Tiga Pendaki Tersesat di Gunung Karena Andalkan AI, Mengguncang Perbincangan Teknologi Navigasi

Tiga Pendaki Tersesat di Gunung Karena Andalkan AI, Mengguncang Perbincangan Teknologi Navigasi

Sekolapedia – 06 September 2026 | Ketiga pendaki pemula yang berniat menaklukkan salah satu rute gunung di Jawa Barat ternyata mengalami situasi darurat ketika mereka mengandalkan Google Gemini, sebuah sistem AI yang diklaim dapat memandu mereka melalui jalur yang belum dikenal. Kejadian ini menyoroti risiko mengandalkan teknologi canggih dalam lingkungan alam yang dinamis.

Situasi semakin memperburuk ketika sinyal satelit mulai menghilang di tengah hutan lebat. Tanpa GPS konvensional yang berfungsi, para pendaki tidak dapat menentukan posisi mereka secara tepat. Akibatnya, mereka tersesat selama hampir tiga jam sebelum akhirnya ditemukan oleh tim penyelamat yang dipimpin oleh petugas Taman Nasional. Semua pendaki selamat, namun kejadian ini menimbulkan pertanyaan serius tentang keandalan AI dalam situasi kritis.

Google Gemini, yang dikembangkan oleh Alphabet, menggunakan jaringan saraf dalam untuk mengolah data peta, kondisi cuaca, dan perilaku pendaki. Meskipun sistem ini dirancang untuk memberikan rekomendasi jalur terbaik, ia masih bergantung pada data yang tersedia dan algoritma yang belum sepenuhnya diuji di kondisi ekstrem. Kritik utama datang dari para ahli keselamatan alam yang menegaskan bahwa AI tidak dapat menggantikan pengalaman dan penilaian manusia, khususnya di daerah dengan topografi yang berubah-ubah.

Berikut beberapa poin penting yang diangkat dari insiden ini:

  1. AI tidak selalu dapat memproses perubahan kondisi di lapangan secara real-time, sehingga petunjuk yang diberikan bisa menjadi usang.
  2. Ketergantungan pada satu sumber informasi digital meningkatkan risiko kesalahan, terutama jika perangkat gagal atau jaringan tidak tersedia.
  3. Penggunaan alat navigasi tradisional—seperti kompas, peta kertas, dan penilaian visual—masih menjadi metode paling andal di lingkungan pegunungan.

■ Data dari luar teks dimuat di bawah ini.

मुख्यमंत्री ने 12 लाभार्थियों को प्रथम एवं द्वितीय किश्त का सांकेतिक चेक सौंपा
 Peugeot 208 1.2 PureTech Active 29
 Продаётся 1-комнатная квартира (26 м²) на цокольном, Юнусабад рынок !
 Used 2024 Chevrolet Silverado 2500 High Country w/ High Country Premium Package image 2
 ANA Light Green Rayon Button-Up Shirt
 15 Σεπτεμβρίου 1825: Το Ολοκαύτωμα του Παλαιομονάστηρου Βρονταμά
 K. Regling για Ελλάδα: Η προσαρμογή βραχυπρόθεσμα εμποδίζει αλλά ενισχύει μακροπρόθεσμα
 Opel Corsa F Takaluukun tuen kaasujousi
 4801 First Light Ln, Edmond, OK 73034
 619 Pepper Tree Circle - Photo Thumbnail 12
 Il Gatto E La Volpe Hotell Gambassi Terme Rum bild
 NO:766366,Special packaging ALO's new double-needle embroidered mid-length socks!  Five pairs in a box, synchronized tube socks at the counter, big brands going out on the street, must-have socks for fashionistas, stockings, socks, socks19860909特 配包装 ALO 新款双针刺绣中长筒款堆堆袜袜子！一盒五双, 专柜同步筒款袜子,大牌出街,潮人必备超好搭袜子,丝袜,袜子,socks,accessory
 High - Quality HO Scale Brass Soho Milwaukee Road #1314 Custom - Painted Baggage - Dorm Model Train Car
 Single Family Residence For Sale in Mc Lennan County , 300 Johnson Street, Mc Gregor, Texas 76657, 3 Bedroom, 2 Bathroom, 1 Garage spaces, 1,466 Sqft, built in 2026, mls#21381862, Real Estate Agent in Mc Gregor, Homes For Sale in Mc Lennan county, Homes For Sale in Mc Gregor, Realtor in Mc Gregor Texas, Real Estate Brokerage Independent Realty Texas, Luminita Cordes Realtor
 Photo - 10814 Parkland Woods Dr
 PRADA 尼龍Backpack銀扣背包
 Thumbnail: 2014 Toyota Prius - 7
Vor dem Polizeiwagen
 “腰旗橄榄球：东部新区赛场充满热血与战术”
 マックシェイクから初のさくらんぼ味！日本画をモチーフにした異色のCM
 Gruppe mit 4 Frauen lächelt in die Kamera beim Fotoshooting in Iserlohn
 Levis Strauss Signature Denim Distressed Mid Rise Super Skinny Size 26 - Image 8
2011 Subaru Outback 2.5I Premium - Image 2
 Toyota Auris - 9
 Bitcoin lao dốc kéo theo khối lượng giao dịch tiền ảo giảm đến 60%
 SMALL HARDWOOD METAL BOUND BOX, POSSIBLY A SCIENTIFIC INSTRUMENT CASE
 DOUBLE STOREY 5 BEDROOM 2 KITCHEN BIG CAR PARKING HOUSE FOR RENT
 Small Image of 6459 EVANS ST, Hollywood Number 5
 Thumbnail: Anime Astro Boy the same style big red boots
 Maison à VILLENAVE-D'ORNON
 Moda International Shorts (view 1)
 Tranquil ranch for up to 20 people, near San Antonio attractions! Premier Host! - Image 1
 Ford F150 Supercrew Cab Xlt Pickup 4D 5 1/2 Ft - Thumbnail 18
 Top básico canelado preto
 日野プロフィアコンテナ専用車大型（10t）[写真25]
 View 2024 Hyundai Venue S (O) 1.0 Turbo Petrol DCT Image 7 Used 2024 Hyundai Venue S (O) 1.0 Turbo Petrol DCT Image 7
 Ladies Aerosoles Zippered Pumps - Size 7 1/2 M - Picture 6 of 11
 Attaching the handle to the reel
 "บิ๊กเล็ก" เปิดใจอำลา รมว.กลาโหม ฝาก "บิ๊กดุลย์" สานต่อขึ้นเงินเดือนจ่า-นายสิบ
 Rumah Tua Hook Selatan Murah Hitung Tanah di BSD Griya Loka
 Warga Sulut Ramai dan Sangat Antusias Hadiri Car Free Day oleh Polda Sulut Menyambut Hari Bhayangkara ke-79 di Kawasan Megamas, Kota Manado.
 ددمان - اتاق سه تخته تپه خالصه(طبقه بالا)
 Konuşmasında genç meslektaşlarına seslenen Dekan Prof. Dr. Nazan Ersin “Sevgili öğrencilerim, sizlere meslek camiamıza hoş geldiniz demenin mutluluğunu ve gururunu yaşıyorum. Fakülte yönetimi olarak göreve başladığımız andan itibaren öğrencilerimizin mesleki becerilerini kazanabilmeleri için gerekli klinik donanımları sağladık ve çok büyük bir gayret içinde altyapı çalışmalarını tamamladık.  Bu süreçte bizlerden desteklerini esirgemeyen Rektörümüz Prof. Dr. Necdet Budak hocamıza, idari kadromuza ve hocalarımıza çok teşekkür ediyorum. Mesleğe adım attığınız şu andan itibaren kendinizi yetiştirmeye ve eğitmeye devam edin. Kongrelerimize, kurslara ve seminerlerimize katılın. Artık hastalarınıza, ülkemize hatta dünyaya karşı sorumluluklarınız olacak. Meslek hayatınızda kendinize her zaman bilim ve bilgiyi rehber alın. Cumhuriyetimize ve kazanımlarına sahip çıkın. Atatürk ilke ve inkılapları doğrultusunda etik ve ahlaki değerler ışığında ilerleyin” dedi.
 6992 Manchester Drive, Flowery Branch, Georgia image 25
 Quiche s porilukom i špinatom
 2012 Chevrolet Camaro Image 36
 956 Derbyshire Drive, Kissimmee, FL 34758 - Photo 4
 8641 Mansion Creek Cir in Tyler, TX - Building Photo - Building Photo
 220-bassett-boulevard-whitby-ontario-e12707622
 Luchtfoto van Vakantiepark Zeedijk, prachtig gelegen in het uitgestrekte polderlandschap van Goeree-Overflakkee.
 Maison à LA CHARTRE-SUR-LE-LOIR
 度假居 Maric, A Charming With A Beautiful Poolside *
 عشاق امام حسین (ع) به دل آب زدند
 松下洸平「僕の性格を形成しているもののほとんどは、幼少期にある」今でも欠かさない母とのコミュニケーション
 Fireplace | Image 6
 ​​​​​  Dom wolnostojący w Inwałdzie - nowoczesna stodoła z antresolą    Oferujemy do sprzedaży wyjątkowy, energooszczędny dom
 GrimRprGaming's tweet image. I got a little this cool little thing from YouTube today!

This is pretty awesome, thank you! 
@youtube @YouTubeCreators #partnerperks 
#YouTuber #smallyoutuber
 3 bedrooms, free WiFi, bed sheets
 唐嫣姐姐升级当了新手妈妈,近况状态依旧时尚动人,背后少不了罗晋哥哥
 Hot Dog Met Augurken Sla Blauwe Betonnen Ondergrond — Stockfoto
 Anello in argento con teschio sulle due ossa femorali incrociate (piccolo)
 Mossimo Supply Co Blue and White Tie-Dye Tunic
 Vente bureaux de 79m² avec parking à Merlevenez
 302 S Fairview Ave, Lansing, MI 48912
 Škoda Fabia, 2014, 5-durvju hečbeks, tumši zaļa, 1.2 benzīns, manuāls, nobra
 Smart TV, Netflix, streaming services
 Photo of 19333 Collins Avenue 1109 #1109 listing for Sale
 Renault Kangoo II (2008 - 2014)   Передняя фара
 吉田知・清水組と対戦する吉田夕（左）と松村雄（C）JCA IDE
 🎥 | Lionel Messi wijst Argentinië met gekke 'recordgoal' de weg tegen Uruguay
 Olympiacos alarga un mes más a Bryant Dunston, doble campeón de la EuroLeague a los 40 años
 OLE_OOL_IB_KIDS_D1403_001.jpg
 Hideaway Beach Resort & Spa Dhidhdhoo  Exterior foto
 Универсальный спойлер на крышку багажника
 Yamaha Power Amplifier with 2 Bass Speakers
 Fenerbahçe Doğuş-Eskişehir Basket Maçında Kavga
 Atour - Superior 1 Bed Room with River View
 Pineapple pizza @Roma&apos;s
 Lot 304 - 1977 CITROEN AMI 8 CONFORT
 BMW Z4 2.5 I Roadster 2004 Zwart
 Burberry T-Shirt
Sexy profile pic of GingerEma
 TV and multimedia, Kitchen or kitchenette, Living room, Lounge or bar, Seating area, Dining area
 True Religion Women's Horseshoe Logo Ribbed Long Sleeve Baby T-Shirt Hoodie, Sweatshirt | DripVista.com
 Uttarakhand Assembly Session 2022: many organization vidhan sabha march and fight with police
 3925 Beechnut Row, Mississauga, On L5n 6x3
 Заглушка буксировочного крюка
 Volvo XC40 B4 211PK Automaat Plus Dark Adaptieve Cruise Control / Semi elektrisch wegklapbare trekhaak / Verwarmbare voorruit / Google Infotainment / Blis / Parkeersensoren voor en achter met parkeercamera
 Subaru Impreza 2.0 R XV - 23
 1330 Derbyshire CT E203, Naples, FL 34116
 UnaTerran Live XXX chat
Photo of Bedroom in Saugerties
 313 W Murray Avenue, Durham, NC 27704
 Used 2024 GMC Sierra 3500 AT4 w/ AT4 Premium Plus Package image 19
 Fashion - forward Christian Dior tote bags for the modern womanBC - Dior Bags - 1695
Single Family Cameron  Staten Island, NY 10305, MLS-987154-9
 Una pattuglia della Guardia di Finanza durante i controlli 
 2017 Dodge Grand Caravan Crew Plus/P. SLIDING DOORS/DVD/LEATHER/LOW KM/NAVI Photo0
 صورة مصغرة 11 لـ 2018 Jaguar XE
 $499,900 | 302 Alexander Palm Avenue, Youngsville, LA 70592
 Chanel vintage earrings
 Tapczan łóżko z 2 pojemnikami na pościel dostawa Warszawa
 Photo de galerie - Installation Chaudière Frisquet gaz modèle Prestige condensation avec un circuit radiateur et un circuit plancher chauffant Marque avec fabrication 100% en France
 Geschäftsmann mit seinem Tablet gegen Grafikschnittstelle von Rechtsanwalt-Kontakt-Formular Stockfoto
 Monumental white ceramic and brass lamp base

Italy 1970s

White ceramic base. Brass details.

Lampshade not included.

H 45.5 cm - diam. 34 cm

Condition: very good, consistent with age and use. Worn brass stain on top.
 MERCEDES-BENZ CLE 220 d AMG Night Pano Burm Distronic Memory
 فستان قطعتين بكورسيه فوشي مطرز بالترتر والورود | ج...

Para peneliti dan pengembang teknologi kini dihadapkan pada tantangan untuk meningkatkan algoritma AI agar lebih toleran terhadap variabel lingkungan. Beberapa perusahaan teknologi sudah mengusulkan integrasi sensor tambahan, seperti lidar portabel dan sistem pemantauan kondisi cuaca real-time, untuk meningkatkan akurasi navigasi. Namun, solusi ini menambah beban berat dan biaya, yang mungkin tidak praktis bagi pendaki amatir.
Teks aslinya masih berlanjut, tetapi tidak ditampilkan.